University of Grenoble, France
Computing over convex polyhedra using VPL
Convex polyhedra occur in a variety of mathematical and computer science contexts, including static program analysis and some advanced compilation schemes. The usual approach to computing over them is the “dual description”, both as the convex hull of a set of generators
(vertices, for bounded polyhedra) and as the solution of a system of linear equalities and inequalities (the constraints). This approach hasmany advantages but suffers from two drawbacks: the generator representation is exponential in the dimension in some common cases in program analysis (thus users tended to drastically limit the dimension), and it is difficult to check the final result without somehow checking the correctness of the full algorithm of conversion between descriptions.
In contrast, with a constraint-only representation, it is possible to provide, along with each constraint of the result polyhedron, a certificate of its soundness. This is sufficient to certify that the computed result contains the ideal result, which is enough to certify that many program analyses are correct.
In this talk I will discuss:
– The “conventional” constraint-only algorithms based on Fourier-Motzkin elimination.
– Our newer approach based on parametric linear programming.
– How to obtain trustable, exact results from parallel efficient code implemented using floating-point arithmetic and untrusted solvers.
– Other applications of parametric linear programming.

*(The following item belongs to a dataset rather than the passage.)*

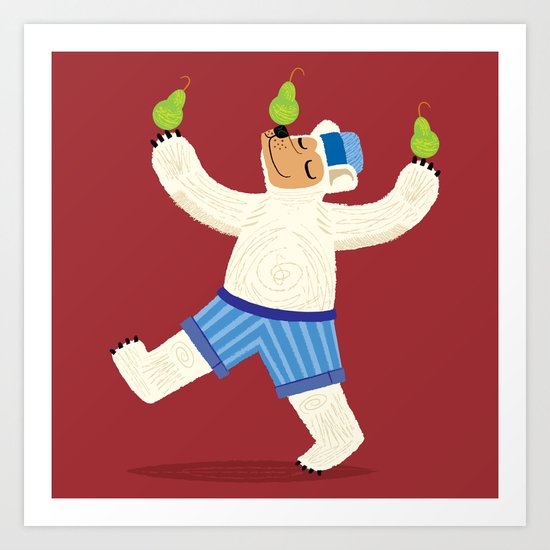 A Bear With Pears (colour variation) Art Print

You are welcome to download our library VPL
David Monniaux defended his PhD in 2001 in Paris. Since then, he has worked as a researcher at CNRS, first in Paris and then in Grenoble. He was one of the designers of the Astrée static analyzer, now used in the aerospace and automotive industries. He is interested in static program analysis, formal methods, computations over polyhedra and other numerical constraints, and security.